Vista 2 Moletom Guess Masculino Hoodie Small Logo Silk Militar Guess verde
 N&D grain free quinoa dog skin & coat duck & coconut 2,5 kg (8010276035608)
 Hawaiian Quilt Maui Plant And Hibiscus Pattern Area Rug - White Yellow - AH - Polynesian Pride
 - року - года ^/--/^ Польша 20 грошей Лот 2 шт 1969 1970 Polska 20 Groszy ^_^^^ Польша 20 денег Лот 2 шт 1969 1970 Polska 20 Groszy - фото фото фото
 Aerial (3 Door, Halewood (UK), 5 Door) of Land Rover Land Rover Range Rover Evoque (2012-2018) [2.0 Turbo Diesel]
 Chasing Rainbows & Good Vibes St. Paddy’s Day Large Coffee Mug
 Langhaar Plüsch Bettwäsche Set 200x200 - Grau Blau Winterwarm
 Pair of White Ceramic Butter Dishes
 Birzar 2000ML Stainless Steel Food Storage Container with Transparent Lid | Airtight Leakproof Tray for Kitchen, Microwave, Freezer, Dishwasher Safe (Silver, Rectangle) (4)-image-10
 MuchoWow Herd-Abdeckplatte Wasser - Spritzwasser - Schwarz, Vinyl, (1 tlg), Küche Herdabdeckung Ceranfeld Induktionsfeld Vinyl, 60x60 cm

++++++++++

> [Directions for this task]
Exact copies of every record above are required.

> [Reply]
Vista 2 Moletom Guess Masculino Hoodie Small Logo Silk Militar Guess verde
 N&D grain free quinoa dog skin & coat duck & coconut 2,5 kg (8010276035608)
 Hawaiian Quilt Maui Plant And Hibiscus Pattern Area Rug - White Yellow - AH - Polynesian Pride
 - року - года ^/--/^ Польша 20 грошей Лот 2 шт 1969 1970 Polska 20 Groszy ^_^^^ Польша 20 денег Лот 2 шт 1969 1970 Polska 20 Groszy - фото фото фото
 Aerial (3 Door, Halewood (UK), 5 Door) of Land Rover Land Rover Range Rover Evoque (2012-2018) [2.0 Turbo Diesel]
 Chasing Rainbows & Good Vibes St. Paddy’s Day Large Coffee Mug
 Langhaar Plüsch Bettwäsche Set 200x200 - Grau Blau Winterwarm
 Pair of White Ceramic Butter Dishes
 Birzar 2000ML Stainless Steel Food Storage Container with Transparent Lid | Airtight Leakproof Tray for Kitchen, Microwave, Freezer, Dishwasher Safe (Silver, Rectangle) (4)-image-10
 MuchoWow Herd-Abdeckplatte Wasser - Spritzwasser - Schwarz, Vinyl, (1 tlg), Küche Herdabdeckung Ceranfeld Induktionsfeld Vinyl, 60x60 cm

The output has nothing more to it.